Turning again to Dictionary.com, we find four-wheel drive to be defined as “a drive system in which engine power is transmitted to all four wheels for improved traction,” with the term first known to have been used between 1925 and 1930.
We look back to our post on AWD, and Dictionary.com’s definition: “a system used in motor vehicles in which all four (or more) wheels are permanently connected to the source of power, in such a way that each wheel is able to rotate at a different speed.” We see that the difference is that AWD is permanent and allows each wheel to rotate at different speeds.
In the case of our two vehicles, the one with 4WD has a shifter for placing it into 4WD mode (there are actually 2 4WD modes, but that is the topic of another post). When it is not in 4WD, the vehicle is rear-wheel drive (RWD). This alone would have helped with the low-traction situation at camp as the 3 growing campers and gear would have been over the drive wheels. Even in the winter, in RWD mode, this vehicle was able to get around better than Mr. Family Trivium’s outgoing FWD vehicle.

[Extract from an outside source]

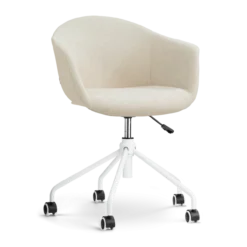 Bureaustoel Nout-Otis wit onderstel cottonbeige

Mrs. Family Trivium really only needed to put it into 4WD a few times to gain traction in winter driving, like when driving in unplowed snow over 6 inched deep. With her new vehicle, there is no need to worry about engaging a different mode as the AWD system automatically sends power to the wheels with traction.
Why would a person want a vehicle with 4WD or AWD? Our family acquired our first AWD vehicle when Mrs. Family Trivium had a job where she was expected to report for work even if there was two feet of snow on the ground – she did indeed commute through this amount snow very shortly after the purchase was made. Meanwhile, Mr. Family Trivium was home bound, but had a more flexible work schedule at that time. While Mrs. Family Trivium has since moved to a different job, she is still expected to report under all weather conditions, as is Mr. Family Trivium, who is also essentially on call 24/7-365. Working on two different ends of town, two different directions from home, carpooling is inconvenient – we’ve done it.
So 4WD and AWD can hep power through deep snow, but does it have any other uses. It certainly could have helped on the steep, muddy road into camp last month. Yes, 4WD and AWD helps us get to the places where we so enjoy recreating. Mr. Family Trivium and kids are looking forward to getting to those sometimes difficult to reach trailheads during winter break this coming school year.